Amazon handed over Ring videos to police without a warrant. Websites are you A visit reveals (almost) everything about you. Whether you’re looking up health information, reading about trade unions, or researching details about certain types of crime, you can provide a huge amount of details about yourself that a malicious actor can use against you. Researchers this week described a new attack using basic web functions that can unmask anonymous users online. The hack uses common web browser features and CPU functions included in every major browser to analyze whether you’re logged into services like Twitter or Facebook and then identify you.
Table of Contents
Kilnet attacks countries that support Ukraine
Elsewhere, we have detailed how the Russian “hacktivist” group Kilnet attacks countries that support Ukraine but are not directly involved in the war. Killnet has launched DDoS attacks against official government websites and businesses in Germany, the United States, Italy, Romania, Norway and Lithuania in recent months. And this is just one of the many pro-Russian hacktivist groups causing confusion.
We have also seen a new privacy scandal in India where donors to non-profit organizations have their details and information handed over to the police without their consent. We also saw a new “Retbleed” attack that can steal data from Intel and AMD chips. And we took stock of the ongoing January 6 committee hearings and predicted what’s to come.
But that’s not all. Every week we’re surrounded by news that doesn’t break or isn’t covered in depth. Click on headlines to read full articles. And be safe out there!
Amazon-owned security camera company Ring
For years, Amazon-owned security camera company Ring has been cultivating ties with law enforcement. By early 2021, more than Amazon was hit 2,000 partnerships With police and fire departments across the US, authorities have created a massive surveillance network that can request videos to aid investigations. In the UK, the ring is partnered with police forces Give the locals cameras.
This week, Amazon admitted to handing over police footage recorded on Ring cameras without their owners’ permission. such as First reported by Politico, Ring has provided footage to law enforcement officials on at least 11 occasions this year. This is the first time the company has admitted to passing data without consent or a warrant. The move raises further concerns over the ring’s cameras, which have been criticized by campaign groups and lawmakers Invasion of people’s privacy And The ubiquity of surveillance technology. In response, Ring said it does not give anyone “unfettered” access to customer data or video, but can hand over data without permission in an emergency if there is a risk of death or serious harm to a person.

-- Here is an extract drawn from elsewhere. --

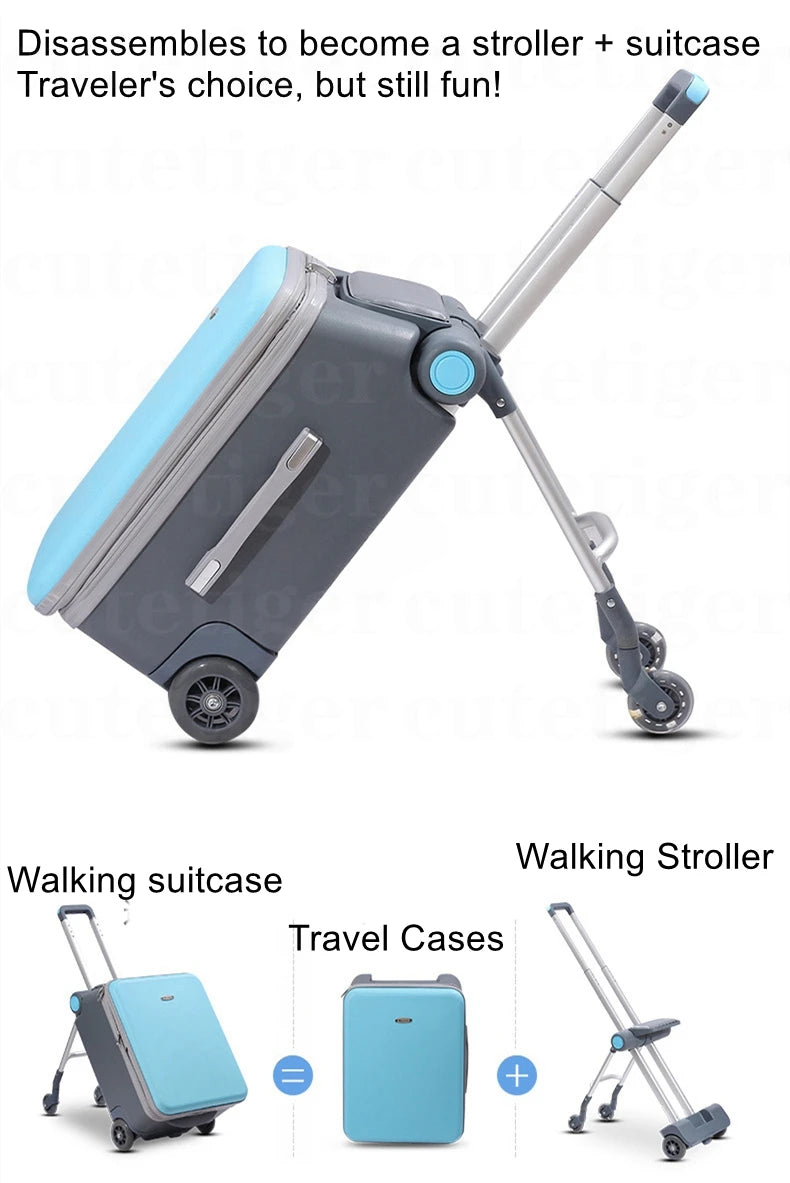 Can boarding suitcase Can sit and ride children's trolley bags lazy slip walker children's travel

In 2017, the Vault 7 leaks exposed the CIA’s most secretive and powerful hacking tools. Files published by WikiLeaks show how the agency can hack Macs, your router, your TV and other devices. Investigators soon pointed to Joshua Schulte, a hacker in the CIA’s Operations Support Branch (OSB), which was responsible for finding exploits that could be used in the CIA’s missions. Schulte has now been found guilty Leaking Vault 7 files to WikiLeaks and potentially decades in prison. After an earlier mistrial in 2018, Schulte was found guilty of all nine charges against him this week. Weeks before his second trial, The New Yorker published this comprehensive feature Exploring the dark history of Schulte and how the CIA’s OSB operates.
Hackers linked to China, Iran and North Korea are targeting journalists and media outlets, according to new research by a security firm Proof point. In addition to attempts to compromise the official accounts of members of the press, according to Proofpoint, multiple Iranian hacking groups have posed as journalists and tried to trick people into handing over their online account details. The Iranian-linked group Charming Kitten has sent detailed interview requests to its potential hacking targets, and they have also attempted to impersonate multiple Western news outlets. “This social engineering tactic successfully exploits the human desire for identity and is leveraged by APT actors who wish to target academics and foreign policy experts around the world, possibly in an attempt to access sensitive information,” Proofpoint said.

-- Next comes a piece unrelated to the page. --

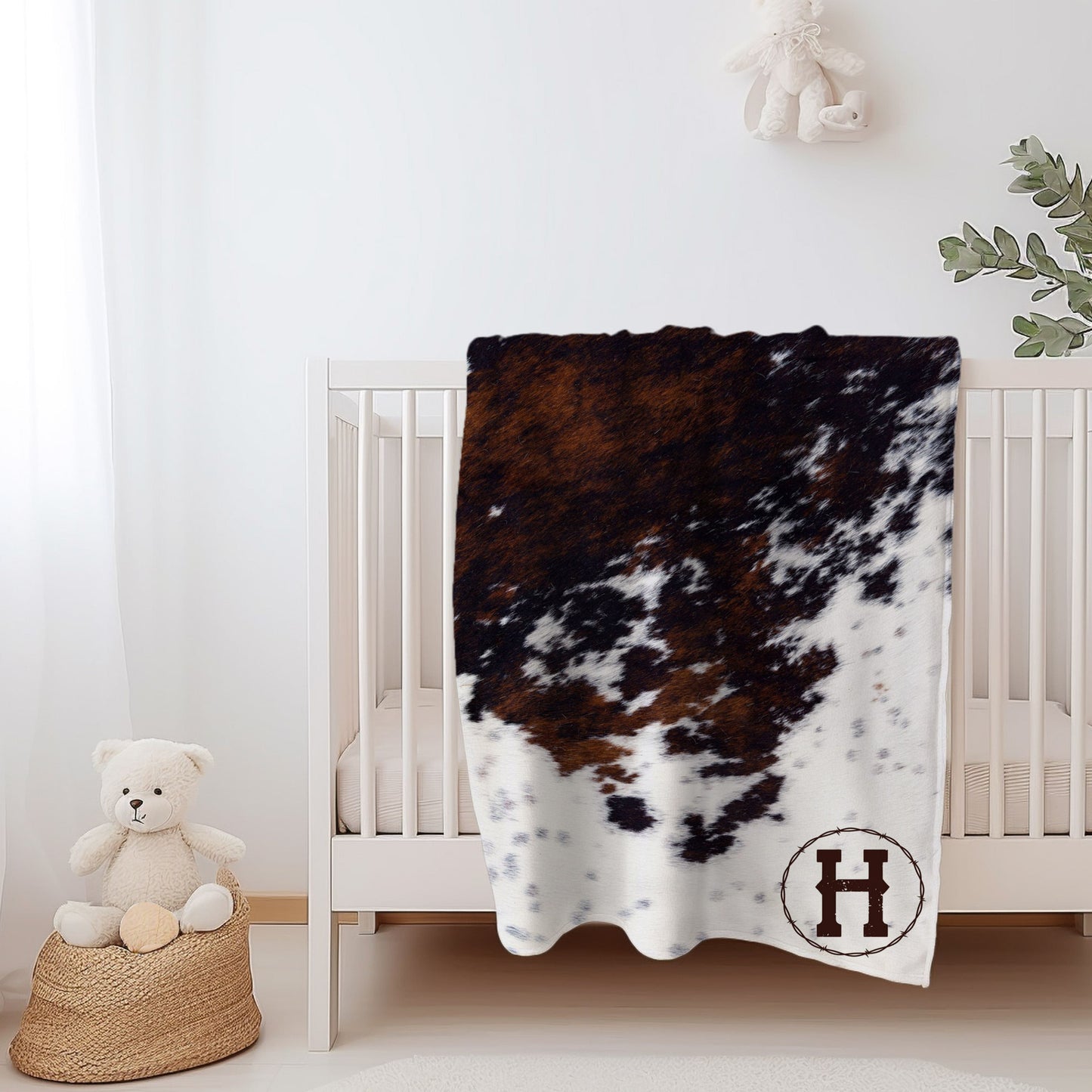 Cowhide Print Monogram Blanket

In any company or organization, things go missing from time to time. Usually these are misplaced phones, security passes and occasionally files Left at bus stops by mistake. Losing any of these can create security risks if the devices are unsecured or if confidential information is made public. Less commonly lost are desktop computers—unless you’re the FBI. According to FBI records Acquired by VICE motherboard The agency lost 200 desktop machines between July and December 2021. Also body armor and night-vision scopes were lost or in some cases stolen.

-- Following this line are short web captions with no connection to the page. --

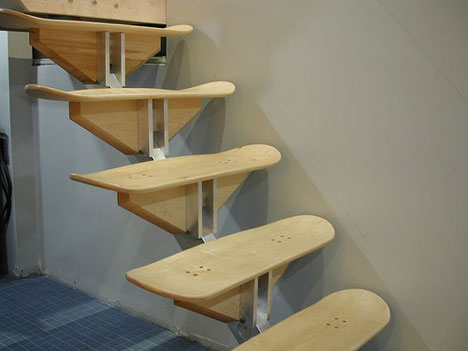 we thought we might share some more amazing and unique staircases but would not, stairs, Wouldn t you know it a skateboarding school designed these and they eventually added a handrail we thought they were cool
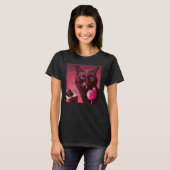 猫 フラミンゴ チョコレート Tシャツ (正面フル)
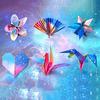 1 Set Origami Paper Stars Pattern Gradient Cut Free DIY Double Side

Scams don’t get much wider than this. This week, police in India Fake “Indian Premier League” cricket tournament busted. A group of alleged scammers set up a fake league in Gujarat, western India, and recruited youngsters to play cricket matches, posing as professional teams while broadcasting the matches live for people to bet on. According to police, the group hired a fake commentator, created onscreen graphics showing real-time scores and played crowd noises downloaded from the Internet. To hide the fact that the matches took place on a farm rather than in a large stadium, the video feed only showed close-ups of the action. The police said that this gang was caught while the quarterfinal match was going on. The police believe it to be a gang Potentially running multiple leagues and planning to expand Also for the volleyball league. Match footage is available Worth watching.